Pascale Coton : « Je me suis syndiquée pour combattre un fort sentiment d’injustice »
22 mai 2026 | SocialVisages du syndicalisme
En plus de 40 ans de syndicalisme, Pascale Coton a peu ou prou tout connu : du militantisme de terrain à la Poste, des négociations rugueuses sur les retraites et même quelques échanges les yeux dans les yeux avec Simone Veil. Celle qui fut – entres autres activités – secrétaire générale de la CFTC de 2011 à 2015 puis vice-présidente de notre organisation, a pris sa retraite syndicale ce 1er mai 2026. Gros plan sur le parcours hors du commun d’une militante dont le sens de l’engagement reste intact, encore aujourd’hui.

Pascale, vous vous êtes syndiquée à la CFTC au milieu des années 80. Quel a été l’élément déclencheur de votre engagement?
En réalité, j’ai toujours été plus ou moins engagée. J’ai été déléguée de classe, je me suis occupée des enfants de mon village d’Indre-et-Loire le samedi après-midi… À 18 ans, je suis entrée à la Poste et je suis arrivée à Paris.
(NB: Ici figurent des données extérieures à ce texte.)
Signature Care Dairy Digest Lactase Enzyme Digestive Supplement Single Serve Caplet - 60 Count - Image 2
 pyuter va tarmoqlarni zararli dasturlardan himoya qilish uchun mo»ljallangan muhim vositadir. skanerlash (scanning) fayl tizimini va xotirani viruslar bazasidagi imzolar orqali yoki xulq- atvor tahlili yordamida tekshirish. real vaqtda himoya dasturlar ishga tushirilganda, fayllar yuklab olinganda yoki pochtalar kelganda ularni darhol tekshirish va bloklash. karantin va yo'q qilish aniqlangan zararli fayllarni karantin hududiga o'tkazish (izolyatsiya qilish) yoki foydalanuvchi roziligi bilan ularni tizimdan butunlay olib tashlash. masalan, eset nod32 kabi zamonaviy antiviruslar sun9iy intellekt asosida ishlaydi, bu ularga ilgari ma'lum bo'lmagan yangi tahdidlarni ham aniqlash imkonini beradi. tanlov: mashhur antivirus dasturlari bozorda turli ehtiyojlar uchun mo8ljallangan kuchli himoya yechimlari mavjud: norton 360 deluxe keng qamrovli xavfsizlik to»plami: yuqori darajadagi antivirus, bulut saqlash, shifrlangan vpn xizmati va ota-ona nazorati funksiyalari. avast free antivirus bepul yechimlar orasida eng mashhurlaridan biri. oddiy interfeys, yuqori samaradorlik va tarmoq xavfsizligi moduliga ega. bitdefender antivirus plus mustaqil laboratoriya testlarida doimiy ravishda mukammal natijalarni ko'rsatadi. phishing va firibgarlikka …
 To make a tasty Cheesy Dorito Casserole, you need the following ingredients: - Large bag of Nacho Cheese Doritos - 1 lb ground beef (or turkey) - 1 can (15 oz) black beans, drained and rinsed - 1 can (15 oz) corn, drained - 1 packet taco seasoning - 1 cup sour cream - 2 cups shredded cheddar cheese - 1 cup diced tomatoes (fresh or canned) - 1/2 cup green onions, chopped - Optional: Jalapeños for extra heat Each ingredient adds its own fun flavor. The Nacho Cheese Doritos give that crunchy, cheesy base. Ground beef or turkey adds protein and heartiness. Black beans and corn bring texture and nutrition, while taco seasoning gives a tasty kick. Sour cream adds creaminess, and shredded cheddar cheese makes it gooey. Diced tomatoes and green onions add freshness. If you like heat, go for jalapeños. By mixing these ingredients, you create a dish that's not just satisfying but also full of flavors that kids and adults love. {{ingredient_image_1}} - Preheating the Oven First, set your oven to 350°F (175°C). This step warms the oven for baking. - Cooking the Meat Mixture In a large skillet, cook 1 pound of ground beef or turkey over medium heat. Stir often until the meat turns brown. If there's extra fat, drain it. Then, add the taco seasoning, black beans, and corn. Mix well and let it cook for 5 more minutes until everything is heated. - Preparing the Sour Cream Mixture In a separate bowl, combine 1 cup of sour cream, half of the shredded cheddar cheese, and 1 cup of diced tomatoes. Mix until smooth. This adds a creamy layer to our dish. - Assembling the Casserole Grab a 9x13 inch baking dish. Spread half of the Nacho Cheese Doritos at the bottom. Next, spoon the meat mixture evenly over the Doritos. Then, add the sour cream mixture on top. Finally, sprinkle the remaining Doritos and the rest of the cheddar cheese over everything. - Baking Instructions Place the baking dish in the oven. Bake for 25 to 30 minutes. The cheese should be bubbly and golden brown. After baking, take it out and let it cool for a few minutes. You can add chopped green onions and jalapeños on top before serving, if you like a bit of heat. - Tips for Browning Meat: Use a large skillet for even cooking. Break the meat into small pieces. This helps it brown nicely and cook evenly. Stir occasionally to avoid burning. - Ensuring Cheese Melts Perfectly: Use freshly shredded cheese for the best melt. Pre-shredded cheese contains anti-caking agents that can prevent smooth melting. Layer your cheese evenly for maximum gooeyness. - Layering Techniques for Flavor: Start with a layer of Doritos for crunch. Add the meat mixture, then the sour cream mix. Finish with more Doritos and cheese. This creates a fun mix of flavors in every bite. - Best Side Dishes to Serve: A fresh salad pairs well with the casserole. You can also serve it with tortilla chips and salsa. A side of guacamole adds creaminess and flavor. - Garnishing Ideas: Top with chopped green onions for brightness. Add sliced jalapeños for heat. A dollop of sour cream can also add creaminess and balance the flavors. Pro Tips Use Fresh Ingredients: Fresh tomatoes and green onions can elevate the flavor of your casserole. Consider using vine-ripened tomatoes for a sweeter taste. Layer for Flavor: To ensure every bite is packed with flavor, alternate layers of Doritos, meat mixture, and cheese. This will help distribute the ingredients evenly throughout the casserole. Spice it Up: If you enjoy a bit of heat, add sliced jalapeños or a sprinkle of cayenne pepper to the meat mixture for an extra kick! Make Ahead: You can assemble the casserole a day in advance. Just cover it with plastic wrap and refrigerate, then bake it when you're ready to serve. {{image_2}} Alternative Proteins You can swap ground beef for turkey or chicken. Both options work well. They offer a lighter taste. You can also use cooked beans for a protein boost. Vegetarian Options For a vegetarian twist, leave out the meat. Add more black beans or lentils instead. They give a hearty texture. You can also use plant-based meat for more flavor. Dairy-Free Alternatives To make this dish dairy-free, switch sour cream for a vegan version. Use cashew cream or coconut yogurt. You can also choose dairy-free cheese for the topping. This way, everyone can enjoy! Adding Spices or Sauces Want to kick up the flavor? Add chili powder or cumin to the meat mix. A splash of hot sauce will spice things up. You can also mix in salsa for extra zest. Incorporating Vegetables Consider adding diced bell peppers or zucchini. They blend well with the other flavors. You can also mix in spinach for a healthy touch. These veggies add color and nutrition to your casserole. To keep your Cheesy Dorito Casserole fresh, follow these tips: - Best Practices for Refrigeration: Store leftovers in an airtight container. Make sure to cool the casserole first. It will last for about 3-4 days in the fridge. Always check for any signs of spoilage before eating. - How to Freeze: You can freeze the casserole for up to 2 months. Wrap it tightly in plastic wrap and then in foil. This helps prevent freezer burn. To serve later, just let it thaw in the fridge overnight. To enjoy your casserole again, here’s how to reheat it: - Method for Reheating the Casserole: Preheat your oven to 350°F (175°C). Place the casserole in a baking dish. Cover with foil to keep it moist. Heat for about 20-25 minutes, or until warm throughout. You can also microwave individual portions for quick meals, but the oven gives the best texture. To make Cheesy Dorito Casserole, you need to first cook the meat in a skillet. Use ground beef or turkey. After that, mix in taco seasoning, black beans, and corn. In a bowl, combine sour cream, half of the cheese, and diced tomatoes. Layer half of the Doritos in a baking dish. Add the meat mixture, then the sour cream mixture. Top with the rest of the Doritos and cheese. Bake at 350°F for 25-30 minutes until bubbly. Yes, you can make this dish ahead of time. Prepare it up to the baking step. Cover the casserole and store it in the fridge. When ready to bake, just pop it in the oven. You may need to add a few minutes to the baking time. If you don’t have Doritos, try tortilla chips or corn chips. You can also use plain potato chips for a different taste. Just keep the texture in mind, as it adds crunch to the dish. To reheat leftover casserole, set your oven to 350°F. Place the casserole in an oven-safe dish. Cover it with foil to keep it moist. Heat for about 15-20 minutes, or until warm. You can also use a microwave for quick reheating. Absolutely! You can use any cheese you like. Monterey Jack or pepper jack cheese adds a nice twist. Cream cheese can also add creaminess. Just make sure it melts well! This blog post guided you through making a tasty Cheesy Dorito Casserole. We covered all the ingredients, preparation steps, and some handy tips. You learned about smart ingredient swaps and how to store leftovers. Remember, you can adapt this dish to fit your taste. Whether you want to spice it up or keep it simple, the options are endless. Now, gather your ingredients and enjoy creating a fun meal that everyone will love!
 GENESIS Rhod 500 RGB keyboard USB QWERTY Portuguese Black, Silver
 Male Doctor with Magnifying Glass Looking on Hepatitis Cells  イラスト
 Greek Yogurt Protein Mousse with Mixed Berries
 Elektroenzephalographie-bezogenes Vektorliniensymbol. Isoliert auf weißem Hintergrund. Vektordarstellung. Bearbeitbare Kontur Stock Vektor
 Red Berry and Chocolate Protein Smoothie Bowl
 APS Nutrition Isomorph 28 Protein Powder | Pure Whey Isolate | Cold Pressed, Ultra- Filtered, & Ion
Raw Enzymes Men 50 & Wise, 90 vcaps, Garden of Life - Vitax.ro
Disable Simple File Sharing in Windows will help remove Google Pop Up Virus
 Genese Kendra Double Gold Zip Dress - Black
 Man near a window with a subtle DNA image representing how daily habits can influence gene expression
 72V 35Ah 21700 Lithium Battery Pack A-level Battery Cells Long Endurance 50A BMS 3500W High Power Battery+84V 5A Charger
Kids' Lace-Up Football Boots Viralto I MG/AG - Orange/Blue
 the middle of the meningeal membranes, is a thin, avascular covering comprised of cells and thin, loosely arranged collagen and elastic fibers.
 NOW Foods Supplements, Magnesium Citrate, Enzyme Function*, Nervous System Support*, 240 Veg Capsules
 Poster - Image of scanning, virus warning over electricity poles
J’ai eu droit à une prime d’installation, en plus de ma paie, qui représentait un demi-mois de salaire. Mon père m’a dit : « Ça fait 34 ans que je travaille à la scierie et tu as un meilleur salaire que moi.» Ça m’a fusillée. Quelque temps après, j’ai reçu un tract de la CFTC sur la protection de la famille. C’était un sujet qui me parlait, étant donné que j’étais issue d’une famille de sept enfants. J’ai participé à quelques réunions et j’ai adhéré. C’était en 1984.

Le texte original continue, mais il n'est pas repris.